My short trial with the SMT5600

I recently purchased an Audiovox SMT5600 from AT&T Wireless. My experiences with the device were short, and range from sweet to bitter.

First, I love the phone. From a geek-centric perspective, it had tons of features that I would love to have with me all the time. Contacts synced with Outlook, internet access, and the photo/video camera. All of these features wrapped into a tiny package make this phone an awesome integrated device.

On the down-side, AT&T/Cingular coverage in my hometown isn’t up to par. With my Verizon phone, I can pretty much make calls from everywhere I go. I live in a fairly rural area, and the while AT&T has made some decent improvements in recent years, the coverage is still a little sparse.

When I had decent signals (3 bars or more) the phone worked great. When I had only one bar, or no bars, the phone performed miserably. While this is what I would expect, the phone didn’t seem to handle the weak-signal condition gracefully. I would dial, and it would sit there trying to connect for 30 seconds or so. Sometimes it would give up with a short double-beep. Sometimes it would show what looked like the end-of-call screen with a duration of 00:00. It was probably dutifully reporting what was actually happening, but from a user-experience perspective, it undermined my confidence in the device. Later in the evening, my wife tried to make several calls with the phone while we were running some errands. She’s used to our Verizon coverage, and she instinctively blamed the poor performance on the phone. I tried to explain why the phone is really cool, and how it’s really the network that is causing the problems, but in reality, neither the phone, nor the network are any good without the support of the other.
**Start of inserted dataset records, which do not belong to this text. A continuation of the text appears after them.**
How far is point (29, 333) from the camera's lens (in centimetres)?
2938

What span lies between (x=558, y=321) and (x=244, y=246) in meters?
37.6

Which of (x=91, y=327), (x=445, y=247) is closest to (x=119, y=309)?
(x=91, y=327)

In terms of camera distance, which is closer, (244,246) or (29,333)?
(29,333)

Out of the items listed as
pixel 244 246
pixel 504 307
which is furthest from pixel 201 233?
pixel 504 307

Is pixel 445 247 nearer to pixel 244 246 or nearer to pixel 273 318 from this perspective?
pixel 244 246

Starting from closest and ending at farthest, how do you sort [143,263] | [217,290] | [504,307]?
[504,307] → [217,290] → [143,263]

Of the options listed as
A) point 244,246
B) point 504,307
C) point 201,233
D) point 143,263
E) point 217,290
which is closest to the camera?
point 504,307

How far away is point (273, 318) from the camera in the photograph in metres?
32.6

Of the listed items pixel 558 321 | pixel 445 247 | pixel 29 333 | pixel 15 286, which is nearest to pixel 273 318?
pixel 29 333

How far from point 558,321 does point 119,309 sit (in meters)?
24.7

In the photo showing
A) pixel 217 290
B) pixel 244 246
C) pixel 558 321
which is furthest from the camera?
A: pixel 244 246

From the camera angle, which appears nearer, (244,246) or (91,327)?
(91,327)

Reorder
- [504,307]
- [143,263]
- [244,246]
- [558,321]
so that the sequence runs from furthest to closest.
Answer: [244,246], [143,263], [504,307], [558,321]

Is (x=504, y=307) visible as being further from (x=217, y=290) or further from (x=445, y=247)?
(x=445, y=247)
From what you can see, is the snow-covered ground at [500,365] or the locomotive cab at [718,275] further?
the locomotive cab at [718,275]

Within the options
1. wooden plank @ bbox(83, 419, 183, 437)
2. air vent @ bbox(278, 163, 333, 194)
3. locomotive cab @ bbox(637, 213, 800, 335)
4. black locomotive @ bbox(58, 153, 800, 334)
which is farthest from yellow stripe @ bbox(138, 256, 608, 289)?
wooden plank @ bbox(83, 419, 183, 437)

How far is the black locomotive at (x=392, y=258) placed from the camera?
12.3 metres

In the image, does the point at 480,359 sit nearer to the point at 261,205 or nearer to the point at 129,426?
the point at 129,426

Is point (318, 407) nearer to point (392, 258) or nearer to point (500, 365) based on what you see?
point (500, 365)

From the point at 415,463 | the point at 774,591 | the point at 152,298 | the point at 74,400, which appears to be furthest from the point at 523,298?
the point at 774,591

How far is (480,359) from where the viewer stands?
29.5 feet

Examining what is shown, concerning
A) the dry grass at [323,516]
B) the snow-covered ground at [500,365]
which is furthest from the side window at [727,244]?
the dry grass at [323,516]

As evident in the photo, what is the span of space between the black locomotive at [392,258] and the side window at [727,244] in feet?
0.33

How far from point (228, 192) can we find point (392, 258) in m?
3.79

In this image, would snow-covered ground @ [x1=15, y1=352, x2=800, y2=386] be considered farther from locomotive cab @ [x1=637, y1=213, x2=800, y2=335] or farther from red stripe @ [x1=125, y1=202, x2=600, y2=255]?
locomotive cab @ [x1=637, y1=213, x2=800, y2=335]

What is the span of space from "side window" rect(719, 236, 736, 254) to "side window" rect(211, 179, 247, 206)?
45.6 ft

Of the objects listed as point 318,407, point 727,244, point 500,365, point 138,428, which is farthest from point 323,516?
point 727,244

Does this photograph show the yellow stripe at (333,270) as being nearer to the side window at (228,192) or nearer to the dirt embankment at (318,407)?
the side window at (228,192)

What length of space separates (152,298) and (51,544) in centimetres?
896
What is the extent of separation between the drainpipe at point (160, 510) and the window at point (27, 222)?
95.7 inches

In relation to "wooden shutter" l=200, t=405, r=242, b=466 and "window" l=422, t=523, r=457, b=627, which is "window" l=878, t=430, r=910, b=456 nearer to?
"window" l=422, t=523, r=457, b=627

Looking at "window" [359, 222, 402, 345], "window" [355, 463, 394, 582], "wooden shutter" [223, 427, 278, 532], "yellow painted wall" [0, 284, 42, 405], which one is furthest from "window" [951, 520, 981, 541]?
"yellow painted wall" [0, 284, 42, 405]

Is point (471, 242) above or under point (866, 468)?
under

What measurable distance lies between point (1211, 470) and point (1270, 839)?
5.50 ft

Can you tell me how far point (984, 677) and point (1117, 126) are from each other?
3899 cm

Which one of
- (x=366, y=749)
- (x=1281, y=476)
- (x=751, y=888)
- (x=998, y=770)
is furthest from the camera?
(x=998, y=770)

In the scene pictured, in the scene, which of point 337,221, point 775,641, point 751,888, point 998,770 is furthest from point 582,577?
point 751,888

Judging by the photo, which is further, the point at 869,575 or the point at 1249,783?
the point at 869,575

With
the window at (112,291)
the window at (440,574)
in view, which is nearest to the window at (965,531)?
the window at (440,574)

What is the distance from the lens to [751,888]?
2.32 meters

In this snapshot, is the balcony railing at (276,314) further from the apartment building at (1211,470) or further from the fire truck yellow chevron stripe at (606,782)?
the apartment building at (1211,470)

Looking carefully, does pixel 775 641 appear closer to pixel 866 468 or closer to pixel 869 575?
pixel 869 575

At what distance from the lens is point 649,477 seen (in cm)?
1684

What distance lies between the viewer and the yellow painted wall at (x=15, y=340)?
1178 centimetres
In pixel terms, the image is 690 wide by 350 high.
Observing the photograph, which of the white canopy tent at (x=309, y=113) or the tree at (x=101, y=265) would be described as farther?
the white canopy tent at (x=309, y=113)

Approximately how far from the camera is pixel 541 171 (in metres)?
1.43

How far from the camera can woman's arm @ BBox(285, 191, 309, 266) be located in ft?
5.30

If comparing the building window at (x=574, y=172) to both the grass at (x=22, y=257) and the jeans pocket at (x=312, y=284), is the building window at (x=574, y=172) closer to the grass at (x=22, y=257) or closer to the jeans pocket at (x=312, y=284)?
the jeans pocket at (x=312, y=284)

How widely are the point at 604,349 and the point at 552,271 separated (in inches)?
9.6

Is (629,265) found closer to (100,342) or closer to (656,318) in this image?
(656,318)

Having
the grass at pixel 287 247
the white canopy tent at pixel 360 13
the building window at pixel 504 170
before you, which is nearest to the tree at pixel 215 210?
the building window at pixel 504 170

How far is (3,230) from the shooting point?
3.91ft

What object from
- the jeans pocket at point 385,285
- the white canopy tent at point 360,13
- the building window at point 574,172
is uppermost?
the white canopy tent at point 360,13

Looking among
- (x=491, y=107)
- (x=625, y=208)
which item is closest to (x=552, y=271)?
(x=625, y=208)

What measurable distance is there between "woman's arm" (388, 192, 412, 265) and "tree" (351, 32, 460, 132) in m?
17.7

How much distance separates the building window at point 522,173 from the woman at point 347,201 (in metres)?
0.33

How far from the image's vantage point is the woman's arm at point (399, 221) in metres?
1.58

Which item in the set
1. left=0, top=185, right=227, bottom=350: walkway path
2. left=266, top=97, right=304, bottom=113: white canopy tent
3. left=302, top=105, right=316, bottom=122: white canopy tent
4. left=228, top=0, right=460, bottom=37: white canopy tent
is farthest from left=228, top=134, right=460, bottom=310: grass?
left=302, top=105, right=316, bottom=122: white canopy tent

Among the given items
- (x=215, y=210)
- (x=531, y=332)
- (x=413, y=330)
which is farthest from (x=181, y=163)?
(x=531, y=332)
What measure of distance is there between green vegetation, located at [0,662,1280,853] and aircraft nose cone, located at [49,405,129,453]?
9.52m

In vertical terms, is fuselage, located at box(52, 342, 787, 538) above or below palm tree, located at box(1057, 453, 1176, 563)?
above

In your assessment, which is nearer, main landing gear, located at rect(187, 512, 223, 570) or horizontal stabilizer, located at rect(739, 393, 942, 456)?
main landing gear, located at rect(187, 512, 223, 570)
Some other random thoughts:

* My experiences with PocketPCs made me like this phone less. There were many occasions where I found myself longing for the stylus, or for some way to enter text without having to wrap my brain around T9 or multi-tap. The interface was familiar enough that I just felt that I should be able to use this device like a PocketPC.

* It’s hard to convince yourself that the microphone actually works when it’s so far away from your mouth. After several years with clamshell style phones, this is a tough mental block to overcome.

* The built-in storage is way too small. Vendors should consider throwing in a complimentary MiniSD card, at least 32MB, Maybe 64. Maybe SanDisk or someone would be willing to provide them cheap or free, just for the exposure. Preload the MiniSD with some free or trial software for the SmartPhone. Software vendors might even be willing to pay for the placement.

Well, the phone is getting shipped back as soon as I receive the return label from customer service. We’re back to using our trusty Motorola T720 on the Verizon network.